Two experts, Rutledge and Fonseca were treating physicians for Brenda and Quintin and more in the nature of percipient witnesses.
5. Transmutation
Brenda’s discussion of transmutation is essentially the same as she advanced below in her trial brief. During trial, however, there was only one truncated mention of transmutation as it concerned the draft of the postmarital agreement. In any event, Brenda misses the critical point that “the rules regarding the transmutation of separate property to community property do not apply to community property personal injury damages.” (Devlin, supra, 138 Cal.App.3d at p. 809.) Section 2603 operates independently of section 852, the statute relating to transmutation, allowing the court to assign the community estate personal injury damages as directed by section 2603. Section 2603 has nothing to do with one spouse changing the community or separate character of marital property.
6. Putative Spouse
Brenda argues finally that Quinton is not a putative spouse and, therefore, may not be entitled to any part of the settlement as quasi-marital property. But Brenda also concedes in her appellant’s brief the California Supreme Court in Marvin v. Marvin (1976) 18 Cal.3d 660, 680, “inferred . . . [section] 2551 should apply equally to both parties, even though one of them knew all along [] the marriage was invalid.”

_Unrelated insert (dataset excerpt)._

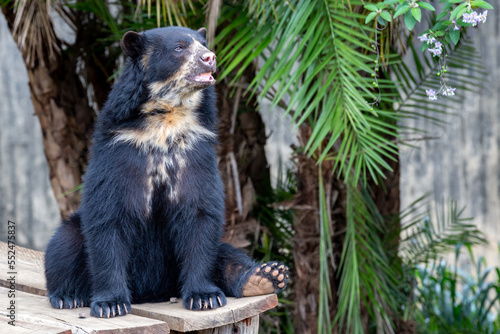 Spectacled bear (Tremarctos ornatus) sitting on wooden dais in selective focus.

First, we think both parties err in their reference to section 2551, referring to characterization of liabilities for separate or community property, and that they probably mean to refer to section 2251, governing the division of quasi-marital property between putative spouses. We disagree with Brenda’s assertion that Quintin always knew his marriage to Brenda was invalid. There was evidence in the record to support that he was confused about his marital status with Barbara. Without having an objectively reasonable good faith belief that he was legally married to Brenda (Welch v. State of California (2000) 83 Cal.App.4th 1374, 1378), he may not have consciously deceived Brenda in bad faith.
With those qualifications, in mind, we conclude the court properly applied sections 2251 and 2603 in these circumstances, deciding that Brenda and Quintin’s individual settlements were community estate personal injury damages and properly assigned according to the agreed allocation between Brenda and Quintin. Additionally, as recognized by Marvin v. Marvin, supra, 18 Cal.3d at page 672, the agreement allocating the settlement proceeds was an enforceable contract between Brenda and Quintin.
7. Disposition
We affirm the judgment and order the parties to bear their own costs on appeal.
We concur: Hollenhorst, Acting P. J., Miller, J.